The petitioner is a teacher and the basic issue presented to the Court is the proper method of computing her average monthly wage.
The industrial incident in question occurred on 24 October 1966 and The Industrial Commission properly assumed jurisdiction in relation to an "accident arising out of and in the course of employment". A.R.S. § 23-1041, subsec. A. Prior to the date in question, the petitioner had rendered the necessary service as a "probationary teacher" and had acquired the status of a "continuing teacher" as those terms are defined by A.R.S. § 15-251. On 6 March 1956, the petitioner and the respondent school district entered into a continuing teacher's contract. The contract did not specify the number of days, weeks or months that the petitioner would be employed during any fiscal or school year. In relation to the matter of salary, the contract contained the following paragraph:
"2. SCHOOL DISTRICT HEREWITH AGREES to pay to Teacher under the `Payment Option' selected by Teacher such salary as shall be in accordance with the Teacher's Salary Schedule and `Payment Option' as adopted by the Board of the District and as agreed upon between Teacher and School District each year by endorsement, in accordance with the form of endorsement attached hereto as a part of this contract."

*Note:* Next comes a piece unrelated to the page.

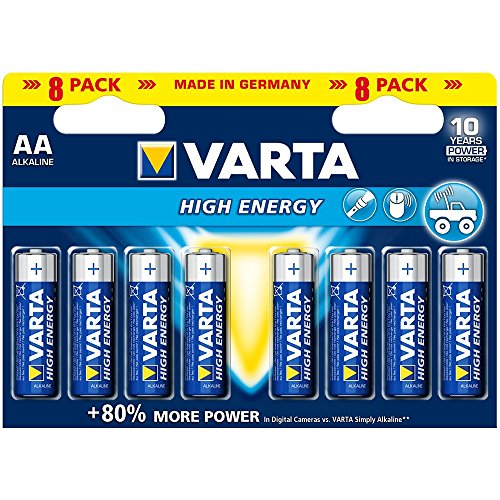 1x8 Varta High Energy Mignon AA LR 6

There are annual endorsements to the contract and in relation to the industrial incident in question, the petitioner was under contract with the respondent school district by virtue of an endorsement which was duly executed by all concerned parties on 1 March 1966. This endorsement was pursuant to the above quoted paragraph of the *520 contract. The endorsement provided for her employment as a teacher "for the period beginning August 29, 1966 and ending June 2, 1967 * * *". The petitioner's salary was specified in the sum of $9,039.50. The endorsement further provided:
"The salary above quoted is to be paid in the following manner:
"For services beginning August 29, 1966, through and inclusive of September 2, 1966, the sum of $162.58 payable on September 9, 1966; 8 additional biweekly payments of $455.23; the last payment being made on December 30, 1966; then, beginning January 13, 1967, 11 additional biweekly payments of $455.23; and a final payment of $227.55 being made at the close of the school term."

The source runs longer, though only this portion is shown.